Es un fenómeno monstruoso que causa estragos en los más diferentes ámbitos que van desde la seguridad ciudadana, hasta la economía nacional. Es una deuda que se incrementa y sigue arrastrándose al pasar de los años. La impunidad, sin embargo, no significa solamente dejar sin castigo un delito y tampoco se combate ni se agota sólo con la aplicación de sanciones. El enfoque para su erradicación no debería estar concentrado, por tanto, ni en la venganza o represión, ni en la concepción y aplicación de sanciones más severas o en la creación de nuevas instituciones, sino en la persona que padece o advierte, directa o indirectamente, la comisión o las consecuencias de un acto indebido.

Se trata de un fenómeno ligado a la corrupción. De hecho, la impunidad es, a mi juicio, una especie de
corrupción. Es corrupto no sancionar un hecho que merece y por lo tanto debe ser sancionado. En esa lógica, aunque el camino para la impunidad se cristaliza o se advierte más claramente ante la falta de castigo, ese no es su origen.

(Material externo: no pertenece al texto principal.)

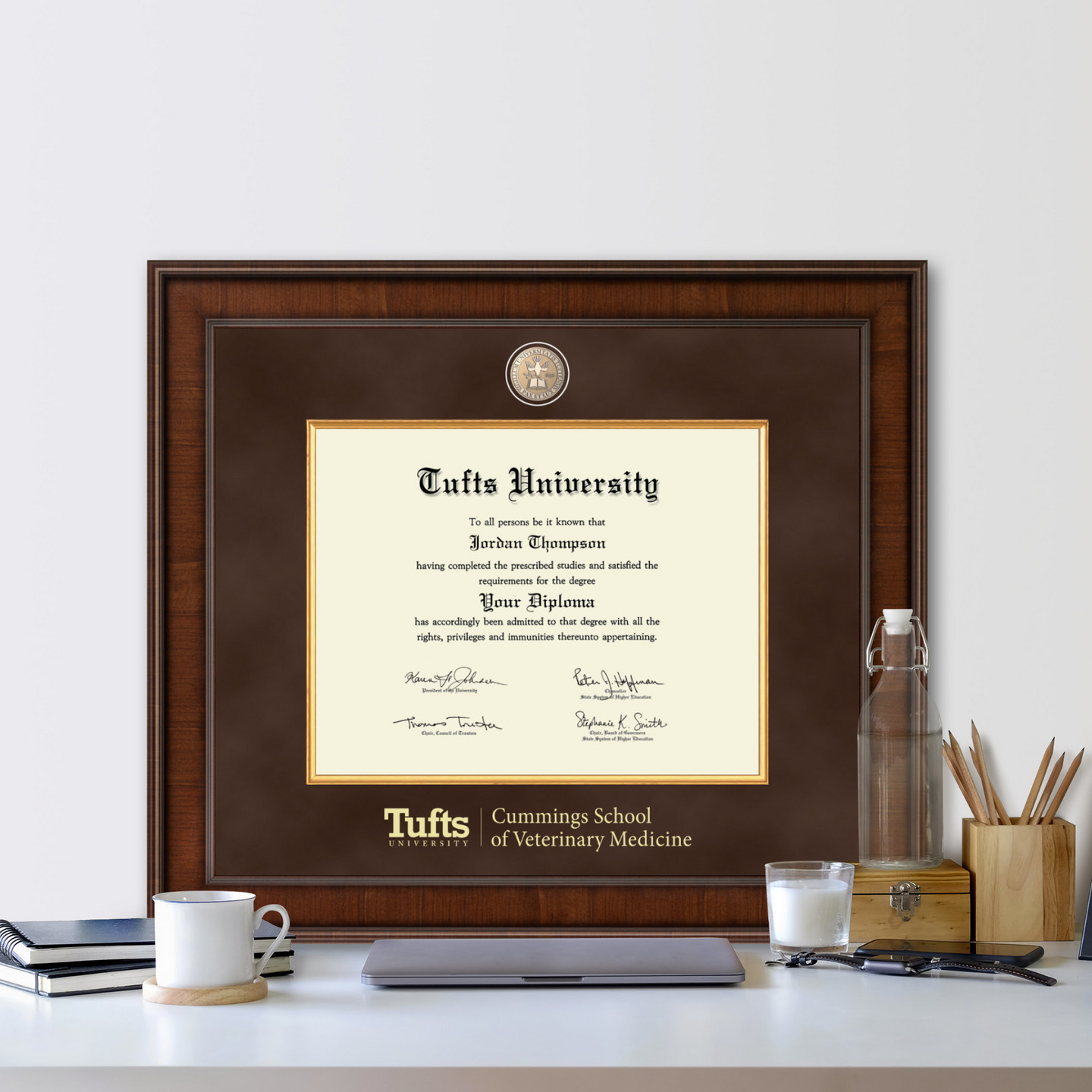Tufts University Presidential Masterpiece Diploma Frame in Madison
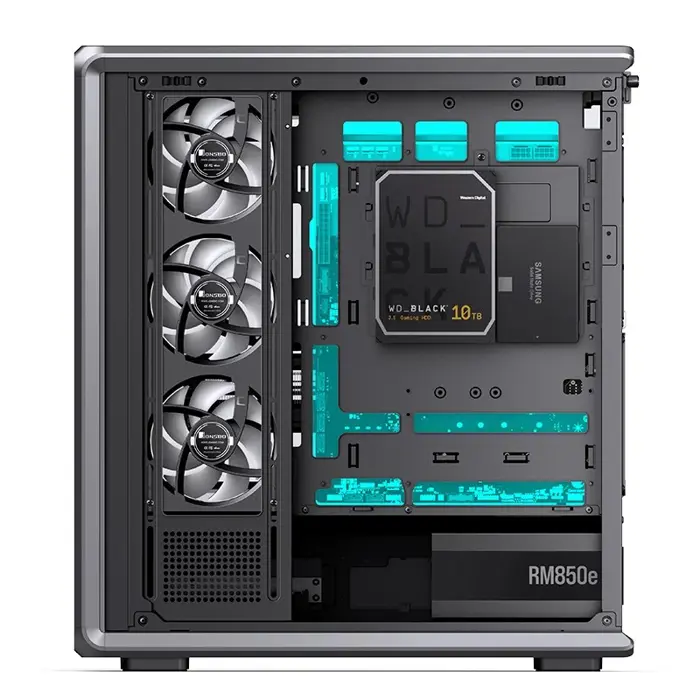 Jonsbo D401 PC-Gehäuse, Midi Tower, ATX, Tempered Glass - black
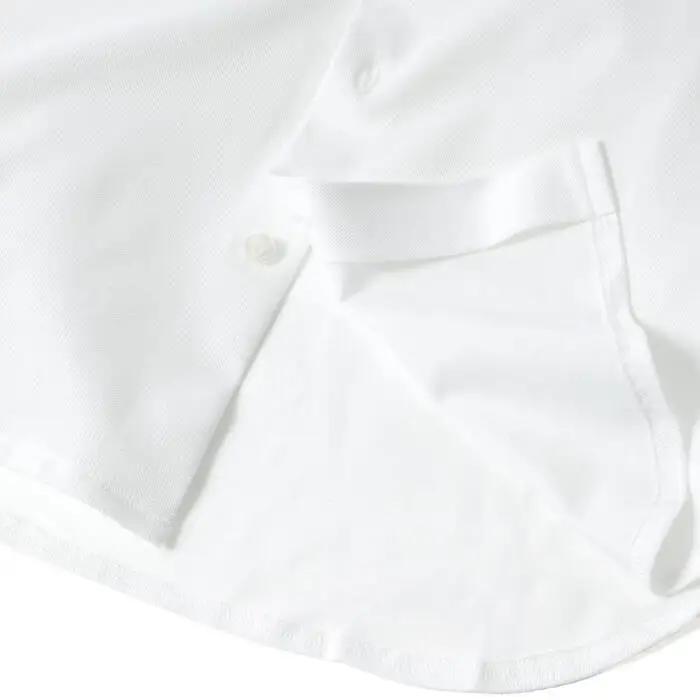 DJS-004 decollouomo メンズドレスシャツ半袖（生地／コンコルド）ピュアホワイト／XLサイズ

Cuando nos sumamos a las filas de las víctimas del delito y no hacemos nada, abonamos al crecimiento de la impunidad. Sin denuncia no hay proceso y sin proceso no hay sentencia. Sin resolución de un caso apuñalamos por omisión a Themis. Al contrario, cuando usted denuncia un hecho delictivo, una irregularidad administrativa, una violación a sus derechos humanos, la falta de buen gobierno, no necesariamente tiene garantizada la resolución que espera, pero cumple con su responsabilidad cívica y este factor actitudinal coadyuva a erradicar la impunidad. Ha puesto en marcha el mecanismo creado específicamente para ese fin.

Somos el motor de este gran aparato que, aunque con serias y añejas deficiencias estructurales, nos ha
permitido evolucionar hasta convertirnos en el gran país que hoy somos. No más auto conmiseración. Hagamos lo que nos corresponde. Si a toda acción corresponde una reacción, pensemos que nuestro comportamiento ciudadano tendrá un reflejo de las mismas dimensiones en el cuerpo estatal. Así, o camina o lo arrastramos, pero de que se mueve se mueve. Cierto, es cansado invertir tiempo presentando una denuncia, es molesto recibir un trato no tan adecuado y tardío. Igual de certero que reconocer que las instituciones encargadas de procurar y administrar justicia, tienen siempre más trabajo del que son humanamente capaces de procesar y en condiciones que no son precisamente envidiables.

Asumimos una posición contradictoria hasta la pared de enfrente. Por un lado, con una visión egocéntrica
exigimos derechos y reclamamos privilegios por los que no siempre hemos derramado sangre, sudor ni lágrimas y, al mismo tiempo, permanecemos cómodamente expectantes de que alguien más modifique un entorno que hemos condenado como inmutable, hundidos en la falsa creencia de que somos el centro de un universo creado exclusivamente para nuestra satisfacción.